Originally Posted by a4swe
Excuse me, that should be

$\displaystyle y=e^{ax}cos(bx)$

The basic idea is to keep differentiating, and at each stage substitute for
complicated expression simpler ones base on what you already know.

Finally you should arrive at an equation of the required form, then you can
equate coefficients between the given DE and what you have found from
repeated differentiateion to get some algebraic equations for a and b.
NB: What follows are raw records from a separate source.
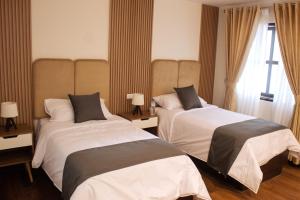 Barón de Huaura Hotel Boutique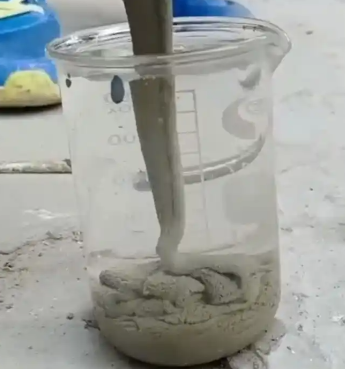 石首水工混凝土絮凝剂，水下抗分散剂的作用及施工方法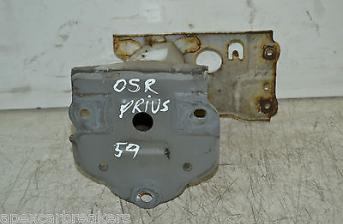 Toyota Prius Chassis Extension Leg Driver / Right Side Rear OSR 2009 - 2015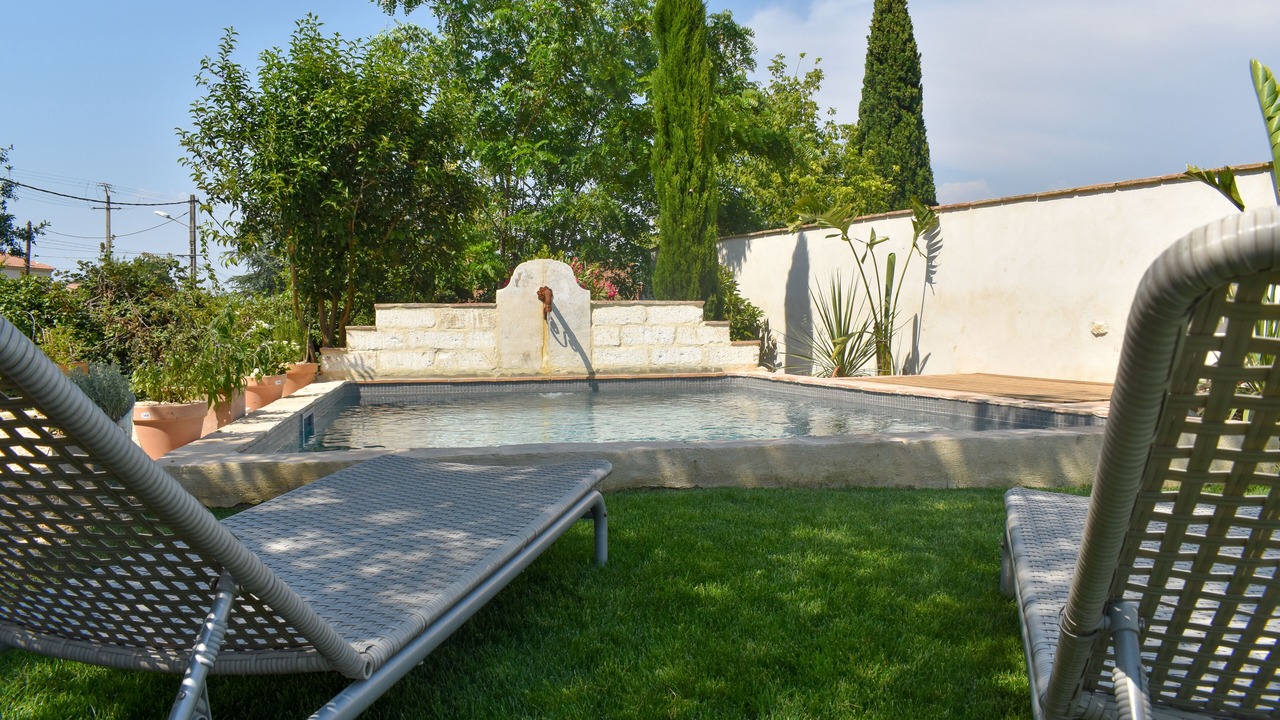 Photo of Outdoor in Meynes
(You will need to check the algebra in what follows)

If:

$\displaystyle y=e^{ax}\cos(bx)$

Then:

$\displaystyle y'=ae^{ax}\cos(bx)- be^{ax}\sin{bx} $$\displaystyle =a y - be^{ax}\sin{bx} , and so: \displaystyle y''=a y' - bae^{ax}\sin{bx} -b^2e^{ax}\cos(bx)$$\displaystyle =ay'-b^2y- bae^{ax}\sin{bx}=ay'-b^2y+ay'-a^2y$,

hence:

$\displaystyle y''=2ay'-(a^2+b^2)y$

so:

$\displaystyle y'''=2ay''-(a^2+b^2)y'=4a^2y'-2a(a^2+b^2)y-(a^2+b^2)y$

which you should now rearrange into the form $\displaystyle y'''+Ay'+By=0$ then equate
coefficients with the given form to get the algebraic equations for $\displaystyle a$ and
$\displaystyle b$.

RonL
• Aug 31st 2006, 04:46 AM
a4swe
Thank you very much, this helps a lot.
• Aug 31st 2006, 04:47 AM
ThePerfectHacker
Quote:

Originally Posted by a4swe
If $\displaystyle y=e^{ax}cos(bx)$ and $\displaystyle y'''+2y'+3y=0$ what is a and b?
That is the problem to solve and I don't even know what to do.
Can anyone help me out a little and give me a suggestion or two for the solution of this one?

Here is another way.
Since this is a homogenous linear differencial equation of order three with constand coefficients look at the charachachteriistic polynomial.
---
$\displaystyle k^3+2k+3=0$
Trivially, $\displaystyle k=-1$ is a solution.
Synthetic division,
$\displaystyle k^3+2k+3\div k+1=k^2-k+3$
The solution of,
$\displaystyle k^2-k+3=0$ are,
$\displaystyle k=\frac{1}{2}\pm i\frac{\sqrt{11}}{2}$
Therefore the general solution of this differential equation is,
$\displaystyle C_1e^{-x}+C_2e^{1/2 x}\sin \left( \frac{\sqrt{11}}{2} x\right)+C_3e^{1/2 x}\cos \left( \frac{\sqrt{11}}{2} x\right)$
The particular solution you have is when $\displaystyle C_1=C_3=0,C_2=1$
Thus,
$\displaystyle e^{1/2 x}\sin \left( \frac{\sqrt{11}}{2} x \right)=e^a \sin (bx)$
Thus,
$\displaystyle a=1/2 \mbox{ and }b=\frac{\sqrt{11}}{2}$